Tout en la serrant contre moi, j’examine les alentours. Il y a des filles assises sur les banquettes, d’autres qui dansent, d’autres qui lichetrognent au bar.
On sent les professionnelles. Ce sont des souris toutes pareilles qui, un beau soir. ou, plutôt, un vilain pour elles…
Et peut-être la prochaine victime du… Français est-elle là, ne se doutant de rien.
A quoi pensent-elles, ces greluses ?
A rien, sans doute.
— Le dernier meurtre remonte à quand ? Je demande.
Cecilia fronce le sourcil.
— Attendez. A samedi dernier. Cela fait.
Je compte plus vite qu’elle.
— Cela fait cinq jours. Dites, il ne va pas tarder à réitérer, le gnace, ou alors il va perdre sa cadence. Non ? …
— En effet.
— On tient un recensement des taxi-girls, ici ?
— Pensez-vous ! Toutes ne sont pas déclarées. Il doit y en avoir plus d’un millier.
— Charmant ! …
Je répète :
— Sept ôté de mille…
— Oui, il en reste pas mal à tuer.
Je me frotte un instant encore contre le ventre admirablement plat de Cecilia. Si ça continue, elle va me filer des idées, cette môme ! Or, je ne suis pas ici pour jouer à la bête à deux dos.

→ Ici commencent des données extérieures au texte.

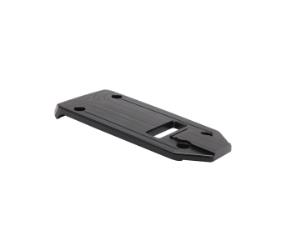 Rfd40 Sled Bluetooth Adaptor For Otterbox Universe Cases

— Je vais vous raccompagner à votre domicile, fais-je. M’est avis qu’il vaut mieux que je sois seul cette nuit. J’ai mon petit plan.
— Déjà ?
— Oui…
— Dommage que vous n’ayez pas un rôle pour moi dans le scénario.
Mais elle est de bonne composition.
— Je suppose que vous aimeriez la liste des boîtes comme celle-ci ? Je vous l’ai préparée.
Elle la sort de son sac.
— Vous pensez à tout !
— Inutile de me raccompagner, vous avez du travail. Et puis, vous verrez qu’ici on ne pratique pas tellement la galanterie.
— O.K. ! Je joue les mufles, je vous laisse filer. Vous avez un bout de téléphone afin que je puisse vous raconter mes rêves, s’ils vous concernent ?
Elle griffonne son adresse et son numéro de bignou au bas de la liste.
— Parfait ! Merci.
Je la regarde sortir de l’établissement. Elle a des hanches aux pommes, cette souris ! Faudra tout de même que je m’en occupe un de ces quatre.
Je me dirige vers la caisse que j’ai repérée et je demande des tickets. Deux dollars les six, faut pas s’en priver.
Avec ça, on a droit à tenir une pépée dans ses mancherons pendant six danses. Les sensations sont tarifées. Je fais le tour de la terrasse et je me décide pour une belle brune du genre Dorothy Lamour. Elle a des yeux de chat siamois dont l’ovale est scientifiquement accentué au crayon.
Je lui tends un ticketon. Elle le file dans sa poche de tailleur et se lève.
— I prefer a drink ! Fais-je.
Elle aussi. Elle me sourit avec un petit air satisfait et se dirige vers le bar.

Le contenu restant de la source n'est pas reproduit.